Lena Yarinkura / Kune/Rembarrnga people / Australia b.1961 / Yawkyawk (Female water spirit) 2004 / Twined pandanus palm leaf (Pandanus spiralis), paperbark, natural pigments, natural dyes, feathers and PVC fixative / 216 x 56 x 28.5cm / Purchased 2004. Queensland Art Gallery Foundation / Collection: Queensland Art Gallery | Gallery of Modern Art / © Lena Yarinkura/Licensed by Viscopy, 2013

Lena Yarinkura
Yawkyawk (Female water spirit) 2004

Not Currently on Display

Yawkyawk (female water spirits) inhabit several sites in freshwater streams and pools, and one of these is in Lena Yarinkura’s mother’s country at Borlkdjam (also spelled Bolkdjam and Bolkjam).

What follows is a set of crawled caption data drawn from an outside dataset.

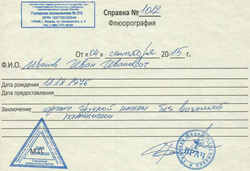 оформить флюорографию Краснодар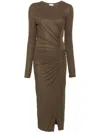 Isabel Marant Étoile Isabel Marant Etoile Jelina Dress In Green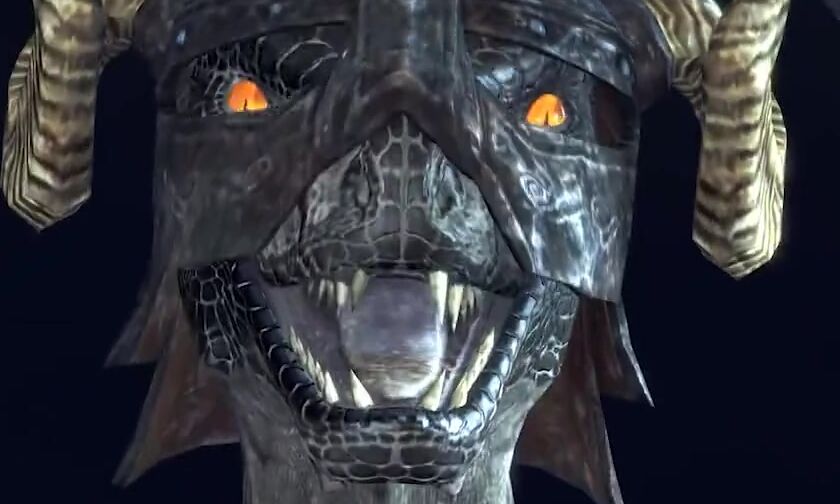 Argonian Futa vs Unusual Stone (with sound) Skyrim 3d animation animated  hentai head cum inside mouth 4kPorn.XXX
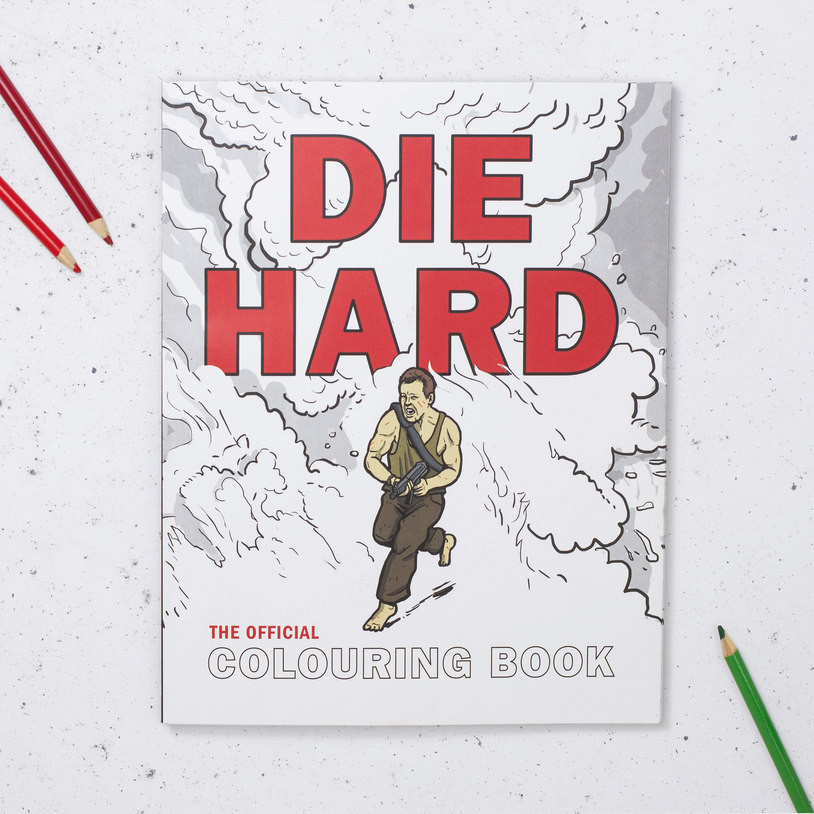 Die Hard Christmas Quotes
 Die Hard The ficial Colouring Book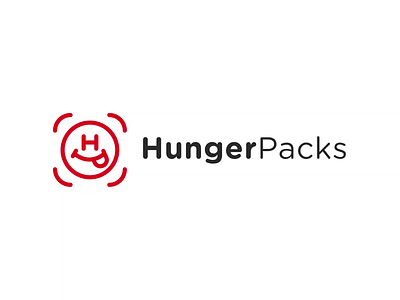 Hungerpack Logo Animation aniamtion animation app branding graphics icon line art logo typography ui ui animation ux vector vector art website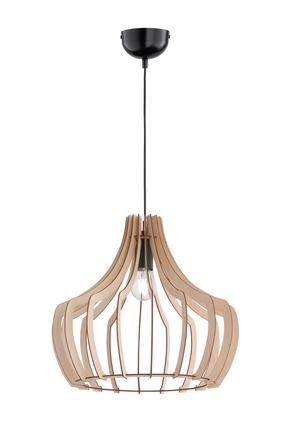 Šviestuvas kabinamas Reality Wood R30253830, E27, 1 x 60 W, ruda sp. / juoda sp.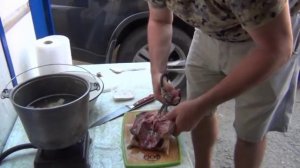 СУП ИЗ ДИКОЙ УТКИ ВИДЕО РЕЦЕПТ ОХОТА НА КУБАНИ СЮФ КРАСНОДАРСКИЙ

With a fish’s tail, and long hair resembling blooms of green algae, they are very much like the European idea of a mermaid. This representation of a yawkyawk is made of pandanus strands that have been coloured with local bush dyes and bound using a loose, twined technique.

The body is stuffed with paperbark to which pandanus fibre arms are attached. Her face is defined by a circle of red ochre, with features painted in white pipe clay and surrounded by a halo of white feather ‘hair’. Bands of white cockatoo feathers indicate that this is a ‘secret’ water spirit, decorated for ceremonial dance.

Lena Yarinkura is a Kune-Rembarrnga woman and she lives outside Maningrida in central Arnhem Land. Yarinkura learned to make the conventional range of twined basketry from her mother but soon began experimenting with different shapes and stitch combinations. Later, collaborating with her husband Bob Burruwal, Yarinkura began painting on bark, which invigorated her fibre works. By 1994, she was making life-size figures of paperbark bound with string.

Discussion Questions

1. Yarinkura uses predominately natural materials in her practice. What do you think is significant about natural materials for the artist?

2. What does Yarinkura’s depiction of yawkyawk tell you about the life of this water spirit?

Classroom Activities

1. Research mythical figures associated with water. Note down any common characteristics they share. Use those elements to invent your own figure and write a short story that describes a day in its life.

2. Consider the assemblage techniques required to make a collaborative class display of figurative sculptures that symbolise ‘water spirits’, using wire, found objects or recycled materials.